Low-level logical optimizations will in general be more restricted than high-level optimizations. For example, they must be executable without a basis change on any circuit defined over any complete basis from the standard gates.

This approach allows the high-level logical optimizations which are expected to bring the most substantial performance improvements to be utilized broadly and made distinct from the architecture-specific optimization passes intended to optimize to a given architecture's strengths.

Guide-level explanation

Before being executed on a device, a QuantumCircuit will be transformed through several representations, including the gate set over which the circuit is expressed.
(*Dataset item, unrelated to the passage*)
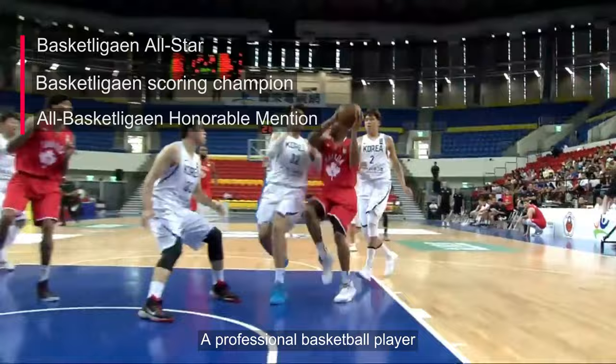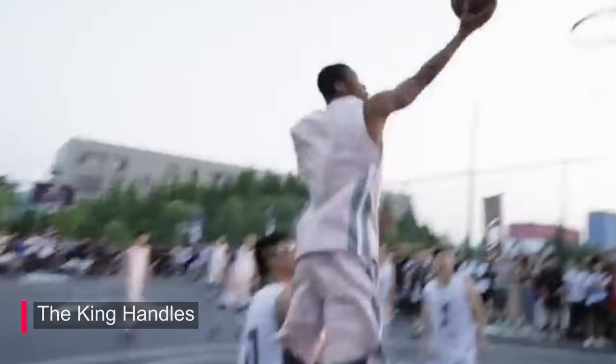I'm Joy King Handles Hayward, ex-professional basketball player, also I'm a streetball legend.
Each backend supports a fixed gate set, so instructions will need to be translated into an equivalent form in the device's native gate set. Similarly, some transpiler optimizations may only operate on certain gate sets. Terra provides the necessary tooling to automatically apply these translations, as well as ways to inspect and update the set of valid translations.

Even when comparing between complete bases, not all gate sets are equivalent in terms of expressiveness. Applying a given translation will in general yield a circuit with a different gate count and depth. Practically, within the context of the transpiler, these translations will be followed by optimization passes which will reduce any incurred overhead.
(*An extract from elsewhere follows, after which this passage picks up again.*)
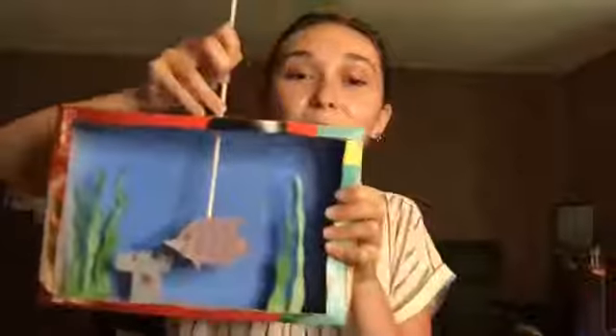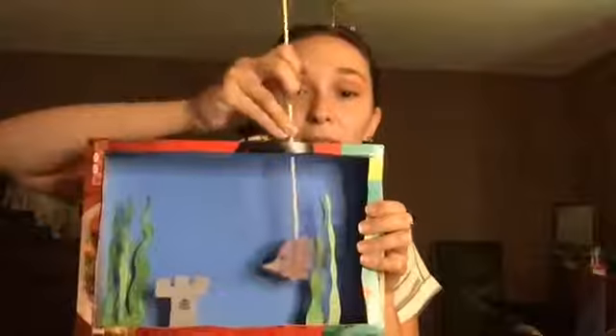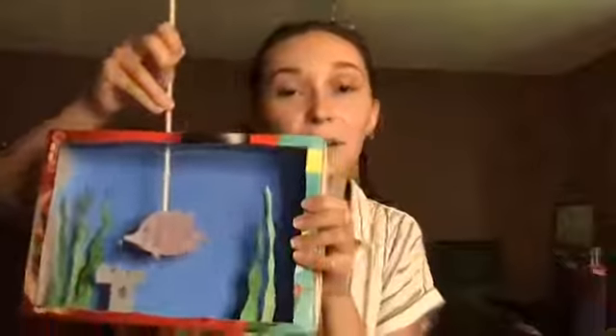And all I did was just paint the background and stuff, and I made an adorable little... Oh, it's going backwards. It's hard because it's like reversed. Well, whatever. This fish happens to swim backwards.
qiskit.circuit.EquivalenceLibrary

The EquivalenceLibrary interface allows for recording and retrieval of interchangeable sets of instructions. It is used by transpiler developers to store and retrieve identities, or equivalent replacements. Equivalent here means unitarily equivalent, not equivalence up to a global phase or up to a permutation (which could be introduced later).
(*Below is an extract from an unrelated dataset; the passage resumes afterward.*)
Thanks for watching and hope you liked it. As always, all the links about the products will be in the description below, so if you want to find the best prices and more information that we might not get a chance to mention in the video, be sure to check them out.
Users can easily access the decompositions for a given gate via the .decompositions property. Previously, gates stored only a single definition in their .definition property, which has been deprecated.

Examples

Setting and fetching gate decompositions via properties

from qiskit.extensions.standard import CnotGate

cx = CnotGate()
print(cx.definition)

None

for entry in cx.decompositions:
  print(entry)

                     
q_0: |0>──────■──────
        ┌───┐ │ ┌───┐
q_1: |0>┤ H ├─■─┤ H ├
        └───┘   └───┘

from qiskit.extensions.standard import CzGate
cz = CzGate()
for gate, qargs, cargs in cz.definition:
  print(gate.name, qargs, cargs)

h [Qubit(QuantumRegister(2, 'q'), 1)] []
cx [Qubit(QuantumRegister(2, 'q'), 0), Qubit(QuantumRegister(2, 'q'), 1)] []
h [Qubit(QuantumRegister(2, 'q'), 1)] []

for entry in cz.decompositions:
  print(entry)

                       
q_0: |0>───────■───────
        ┌───┐┌─┴─┐┌───┐
q_1: |0>┤ H ├┤ X ├┤ H ├
        └───┘└───┘└───┘

Adding user-definition to standard gate

from qiskit.extensions.standard import HGate

for entry in HGate().decompositions:
  print(entry)

        ┌──────────┐
q_0: |0>┤ U2(0,pi) ├
        └──────────┘

from qiskit.circuit import Gate, QuantumCircuit
from qiskit.extensions.standard import HGate

my_gate = Gate('special_h', 1, [])
qc = QuantumCircuit(1)
qc.append(my_gate, [0])

HGate().decompositions += [qc]

for entry in HGate().decompositions:
  print(entry)

        ┌──────────┐
q_0: |0>┤ U2(0,pi) ├
        └──────────┘
        ┌───────────┐
q_0: |0>┤ Special_h ├
        └───────────┘

Decomposing Toffoli/GHZ cross-architecture

Expanding device basis sets with cover h,rx,p

Tree traversal, CX->CZ->iSWAP

Detailed Design

This proposal introduces two new concepts, that of the EquivalenceLibrary and the BasisTranslator.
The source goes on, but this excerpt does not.